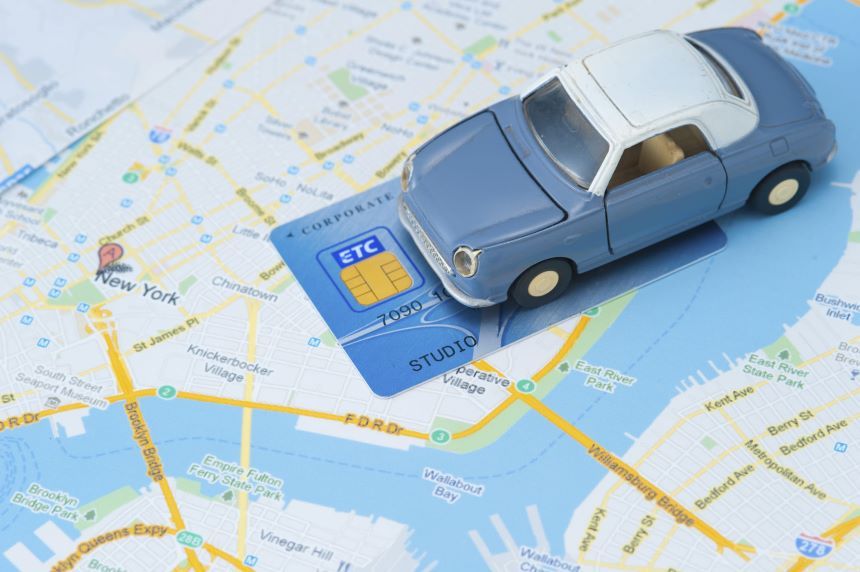 地図の上にあるクレジットカードと自動車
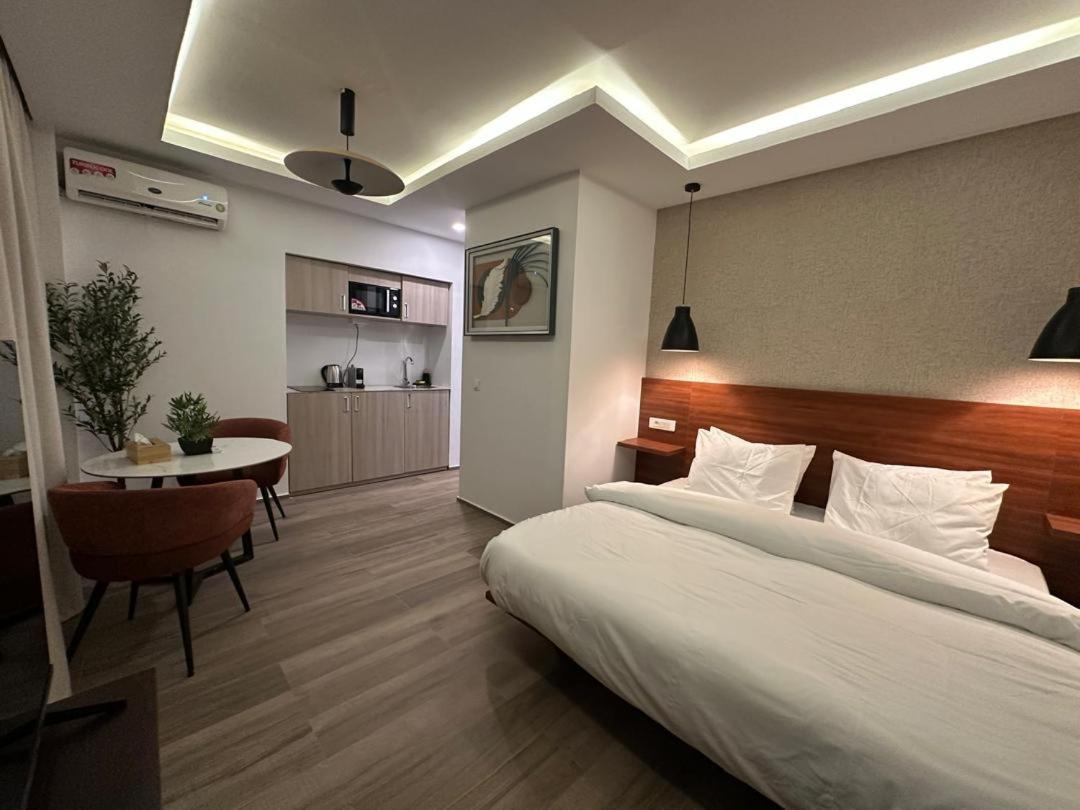 Suite with City View photo 2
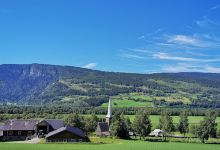 Fåvang church景点图片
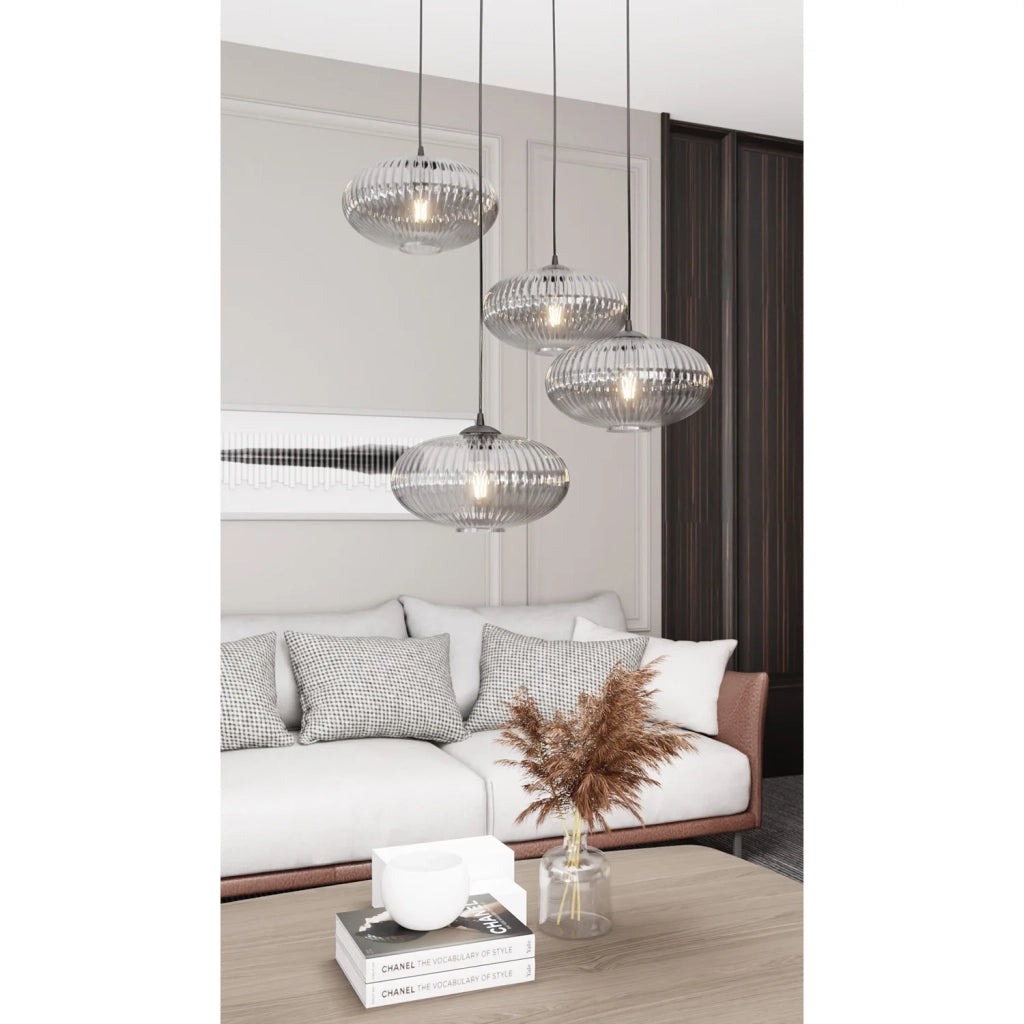 Lampadario 4 Luci Iris Base Tonda In Acciaio Nero Paralume Plissettato Fumè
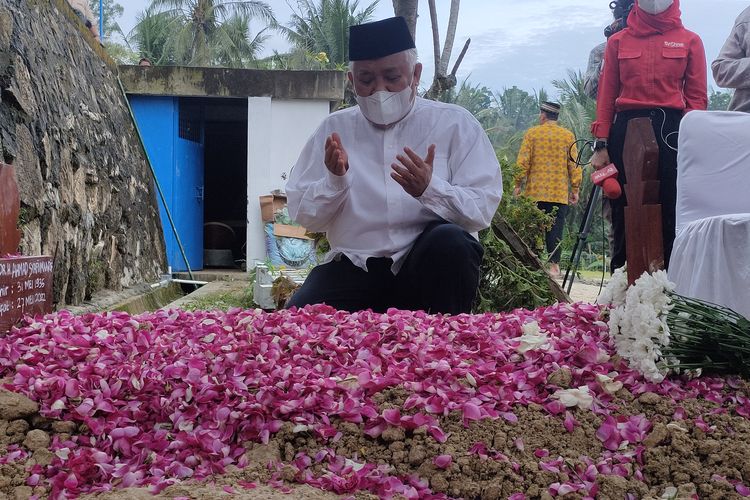 Din Syamsuddin tiba di makam Buya Syafii Maarif, Pemakaman Husnul Khotimah, Nanggulan, Kulon Progo, Daerah Istimewa Yogyakarta.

ABOUT THIS EXERCISE: Word-for-word restatement: every line from the one with "Lampadario 4 Luci" through the final line of the data, both ends included, pictures excluded.

ANSWER TO THE PROBLEM:
 Lampadario 4 Luci Iris Base Tonda In Acciaio Nero Paralume Plissettato Fumè
 Din Syamsuddin tiba di makam Buya Syafii Maarif, Pemakaman Husnul Khotimah, Nanggulan, Kulon Progo, Daerah Istimewa Yogyakarta.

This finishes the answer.